Cork lost that final by three points but ó hAilpín lived up to his billing, tearing through for a terrific individual goal in the second half and troubling the Kilkenny defence throughout. He looked a good bet to become the biggest star in the game.
Instead his 2003 championship season remains a tantalising glimpse of what might have been and Setanta ó hAilpín is a legend of unfulfilled potential, a hurling equivalent of The Tetrarch or Golden Cygnet. Soon afterwards, he signed a contract with Australian Rules giants Carlton. His first season in the Cork colours would be his only one though he did return in the summer of 2004 to help his club Na Piarsaigh win their third county senior title.
That's why there was a certain symmetry about the news that last week, as Cork faced into another All-Ireland final, Setanta ó hAilpín was released by the Greater Western Sydney Giants of the Australian Football League. Given that the Giants are well on their way to having one of the worst seasons in AFL history with 21 losses from 22 games to date, it appears he may well be near the end of the line.
His achievement in carving out a career in professional sport for nigh on a decade when so many promising young Gaelic footballers didn't make it shouldn't be under-estimated.
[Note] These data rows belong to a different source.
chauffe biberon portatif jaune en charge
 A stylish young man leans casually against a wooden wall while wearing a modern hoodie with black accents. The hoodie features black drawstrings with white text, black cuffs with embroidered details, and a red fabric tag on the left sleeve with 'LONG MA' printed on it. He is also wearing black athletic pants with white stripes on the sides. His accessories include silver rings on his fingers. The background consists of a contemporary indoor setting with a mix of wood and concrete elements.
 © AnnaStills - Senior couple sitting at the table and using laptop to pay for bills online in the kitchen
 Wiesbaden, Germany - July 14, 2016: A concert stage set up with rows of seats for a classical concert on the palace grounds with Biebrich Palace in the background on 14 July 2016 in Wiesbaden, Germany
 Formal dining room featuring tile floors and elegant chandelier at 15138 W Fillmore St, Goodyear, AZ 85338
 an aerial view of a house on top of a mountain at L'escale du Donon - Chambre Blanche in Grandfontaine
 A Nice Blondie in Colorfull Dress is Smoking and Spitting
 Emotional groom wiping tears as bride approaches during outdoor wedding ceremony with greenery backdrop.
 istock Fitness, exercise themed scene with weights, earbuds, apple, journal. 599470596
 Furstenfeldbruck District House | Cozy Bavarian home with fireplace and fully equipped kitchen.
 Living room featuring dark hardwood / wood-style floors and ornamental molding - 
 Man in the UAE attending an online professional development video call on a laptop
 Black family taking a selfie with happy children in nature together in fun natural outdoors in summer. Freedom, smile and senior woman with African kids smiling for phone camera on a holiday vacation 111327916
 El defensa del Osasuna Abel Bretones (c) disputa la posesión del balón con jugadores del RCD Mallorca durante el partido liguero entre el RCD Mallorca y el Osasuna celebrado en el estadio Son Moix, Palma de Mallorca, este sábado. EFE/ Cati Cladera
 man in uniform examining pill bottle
Yet it hasn't been a career in the Jim Stynes or Tadhg Kennelly mould with disciplinary problems and injury trouble preventing ó hAilpín from becoming a major figure in the Australian game.
He's 30 now and by the time next year's All-Ireland hurling championship rolls around he'll be 31. Hurling is a young man's game and you'd imagine that in a decade away ó hAilpín has built the kind of connections which would make it difficult for him to up sticks from Australia not least at a time when the recession is sending many young Irishmen on the opposite journey.
Yet such was the impact he made ten years ago that it would still be wonderful to see Seán óg's big little brother making the kind of return to his native game Tadhg Kennelly accomplished when winning an All-Ireland with Kerry in 2009. For that matter, he could also do an excellent job for the Cork footballers.
But if he doesn't return, at least we'll always have the memory of that golden summer ten years ago and a young man with a bright future ahead of him bursting past Noel Hickey and burying the ball past James McGarry. It remains one of the great hurling final moments of the 21st century.